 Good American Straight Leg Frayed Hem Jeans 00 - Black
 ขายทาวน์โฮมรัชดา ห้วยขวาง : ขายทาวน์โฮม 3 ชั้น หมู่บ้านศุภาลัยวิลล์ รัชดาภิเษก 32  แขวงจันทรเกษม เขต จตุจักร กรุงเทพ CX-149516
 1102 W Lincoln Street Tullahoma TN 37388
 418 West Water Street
━━━
[EXERCISE GOAL]: Exact reproduction of the whole material is the required answer.

[WRITTEN RESPONSE]:
 Good American Straight Leg Frayed Hem Jeans 00 - Black
 ขายทาวน์โฮมรัชดา ห้วยขวาง : ขายทาวน์โฮม 3 ชั้น หมู่บ้านศุภาลัยวิลล์ รัชดาภิเษก 32  แขวงจันทรเกษม เขต จตุจักร กรุงเทพ CX-149516
 1102 W Lincoln Street Tullahoma TN 37388
 418 West Water Street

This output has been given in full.